Sinema yazarı Atilla Dorsay: Emek yoksa ben de yokum

Bir fikir uğruna köşe yazarlığından vazgeçerek örnek oldum. Hiçbir konuma, pozisyona yapışmamak lazım. Vefasız bir sevgiliden ayrılabiliyorsak bundan da ayrılabiliriz. Emek için kendi çapımda eylemler yapacağımı söylemiştim. Köşe yazarlığını bırakmak birincisi oldu. İkincisi de kitap hazırlamak olacak. “İstanbul Nereye?” ve “Beyoğlu Nereye?” adlı iki kitap hazırlayacağım. Beyoğlu kitabında alt başlık “Emek yoksa ben de yokum” olabilir. Bu kitapta Emek Sineması’na yer vereceğim. Dünkü eylemde gaz bombası yedim. Bir mağazaya sığındık. Acı bir olaydı. Şehrin ana caddesinde, amacı bir sinema salonunu korumak olan bir girişim böyle şiddetle karşılanmamalıydı. Haksız, zalim ve çağdışı bir uygulamaydı.

 

Sinema yazarı Sevin Okyay: Bu emri kim verdi?

Emek Sineması eylemi gayet barışçıl bir eylemdi. Ama bu müdahalede bulanan polisin bize ne gözle baktığını gerçekten bilemiyorum. Bize karşı içten içe duyulan bir nefrete bağlıyorum. Orada yerli yabancı yönetmenler, sinema oyuncuları, yazarları ve sinemaseverler vardı. Bizim Emek’e, polisin ve diğer yetkililerin yaptığından daha kötüsünü yapmamız mümkün değil. Emek’i koruyamadıkları kesin zaten. Polisin tazyikli suyu nedeniyle yaralananlar, biber gazı yutanlar oldu.

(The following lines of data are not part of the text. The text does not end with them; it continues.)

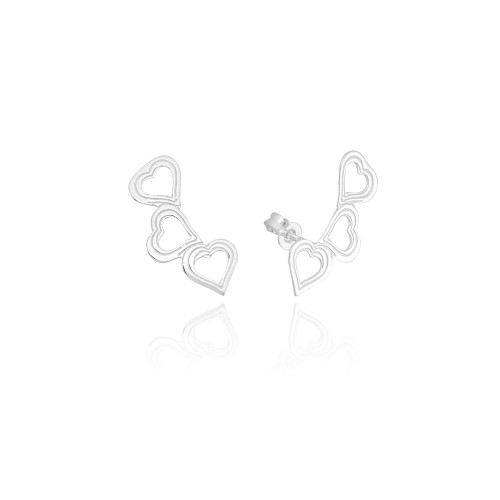 Ear Cuff em Prata 925 Corações Vazados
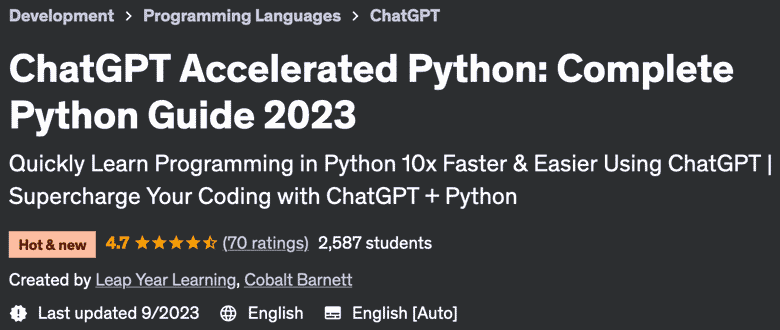 ChatGPT Accelerated Python: Complete Python Guide 2023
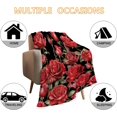 thumbnail image 5 of Rose Throw Blanket 50x60 Red Floral Blanket Blanket for Couch Sofa Bed Soft Cozy Lightweight Fuzzy Plush Fleece Blankets Black Spring Summer Flower Decorations Blanket 50 by 60, 5 of 6
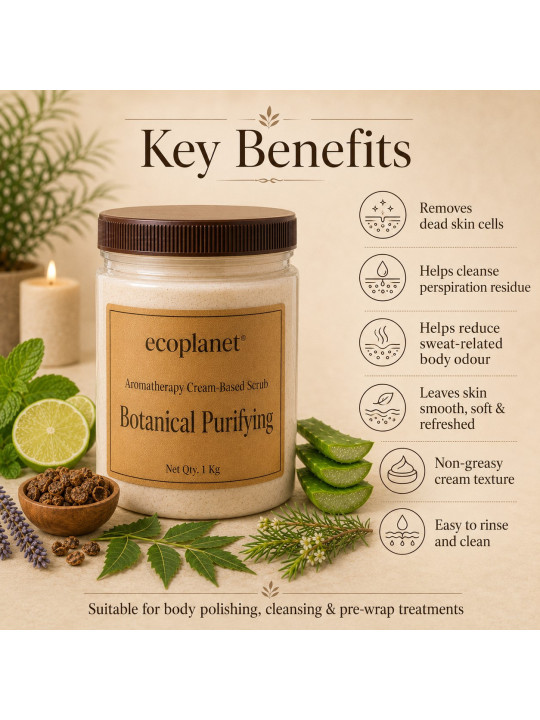 Exfoliates, refreshes and helps reduce sweat-related body odour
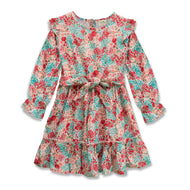 "Girls' Floral Print Long Sleeve Dress with Waist Tie and Ruffle Hem"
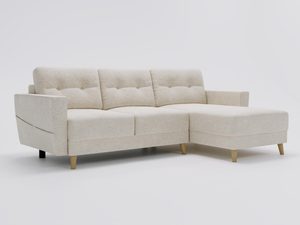 Miniaturka 33 - Narożna sofa w ciepłym beżu z gładkimi poduchami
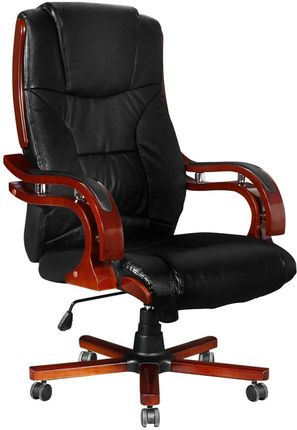 vidaXL Skórzany fotel biurowy z wysokim oparciem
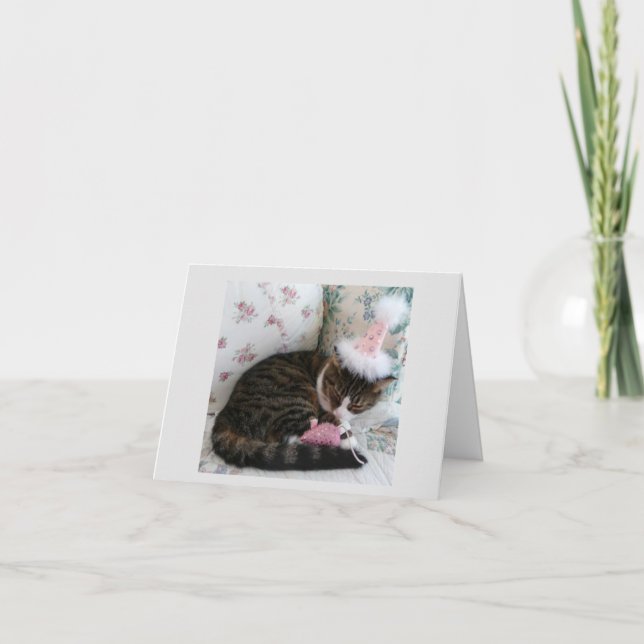 Bonito no Cartão de Aniversário de Gatinho Rosa (Frente)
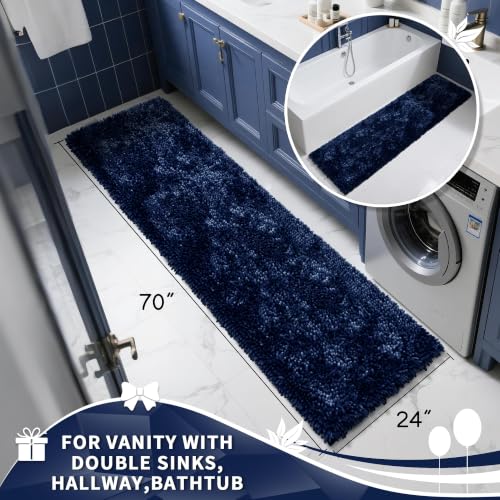 Image of Yimobra Long Bathroom Rugs Runner 70x24 Inch, Extra Thick Soft Absorbent Chenille Bath Mat, Non Slip Machine Washable, Quick Dry Bath Rugs for Bathroom Floor, Tub and Shower, Dark Blue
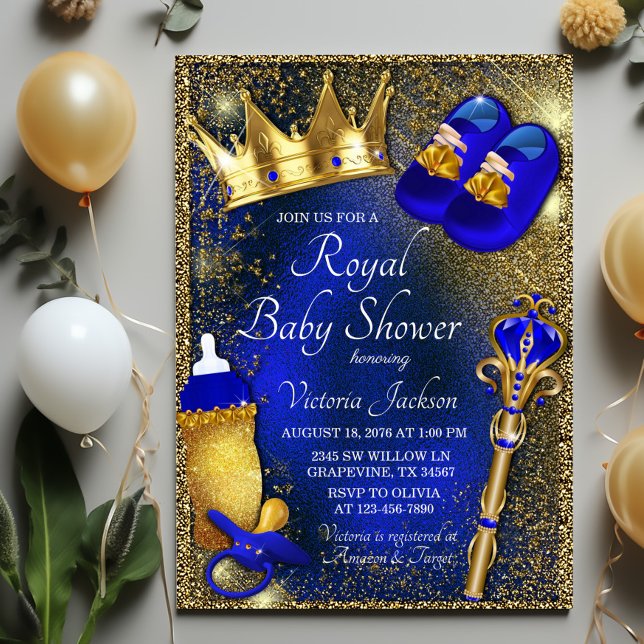 Invitation Fancy Baby Shower Prince Bleu Royal  (Royal blue gold prince baby shower with royal baby things on beautiful royal blue gold background.)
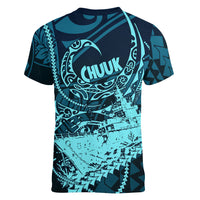 Chuuk Deep Into Truk Lagoon Women V-Neck T-Shirt Polynesian Tribal Pattern Wreck Diving Teal Ship Art TS04 - Polynesian Pride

Polisin müdahalesinden herkes etkilendi. Bu emri kimin verdiğini cidden merak eriyorum. Çünkü emir vermeden yapılamaz. Böylesine uluslararası bir kültür sanat olayında gerçekten böyle bir şey beklemiyordum.

 

Yönetmen Erden Kıral: Bunun adı vandalizm

Emek Sineması’nın herhangi bir sinema salonu olmaktan öte, simgesel bir önemi vardır, biz dün bunu vurguladık. Bu salon bizden sonraki kuşağın sinema yapmaya karar verdiği bir mekândır. Biz Emek’i geri istediğimizi anlatmak için yürüdük, ancak polis bize saldırarak çok büyük bir ayıp, büyük bir suç işledi, orantısız güç uygulayarak hukuksuzluk yaptı. Aslında Emek, SGK’nin malı, bir başka değişle kamu malı. Bu salon yıkılmayacak denildi, fakat bu doğru değil. Duygusuz bir şey yapılıyor yukarıda, bunun adı vandalizmdir. Ancak biz, İstanbul’un güzelliklerini ve kültürel mirasını korumak zorundayız.

 

Yönetmen Costa-Gavras: Bellek siliniyor

Barışçıl bir toplantı sonrasında çıkan ve tam olarak neyin tetiklediği bilinmeyen şiddet olayları, bize bu toplantının asıl sebebini unutturmamalı. Önemli bir sinema, bir kültür merkezi, tahrip edilmemelidir. Bu sanki geçmiş belleğimizden bir parçayı silmek ve gelecek için önemli bir mekânı ortadan kaldırmak gibidir. Bu da politik, sosyal ve sanatsal bir hata olur. Bulunduğu yerin gerektirdiği tüm saygı ile, Başbakan’a, İstanbul’un kültürel bütünlüğünün garantörüne seslenmek istiyorum. Ondan bu salonu kurtarmasını ve ticaretin kültürden üstün gelmemesi için harekete geçmesini rica ediyorum.

 

‘Dehşetle öğrendik!’

FIPRESCI (Uluslararası Film Eleştirmenleri Federasyonu) Saygın meslektaşımız film eleştirmeni ve İstanbul Film Festivali’nin FIPRESCI jüri üyesi Berke Göl’ün, tarihi Emek Sineması’nın ortadan kaldırılmasını protesto eden bir gösteri sırasında gözaltına alındığını dehşet içinde öğrendik... Bu barışçıl protesto sırasında gaz bombasına maruz kalanlar arasında Türkiye film endüstrisinin aktörleri ve yönetmenlerinin dışında Costa-Gavras, Mike Newell, Marco Bechis de vardı.. Türk sinemacıları ve sinema eleştirmenleri, Emek Sineması’nı yok etmekle ve konseptini değiştirmekle kalmayan, aynı zamanda Türk sinema tarihinin büyük bir bölümüne adını veren Yeşilçam Sokağı’nı ortadan kaldıran bu projeye karşı çıkıyorlar.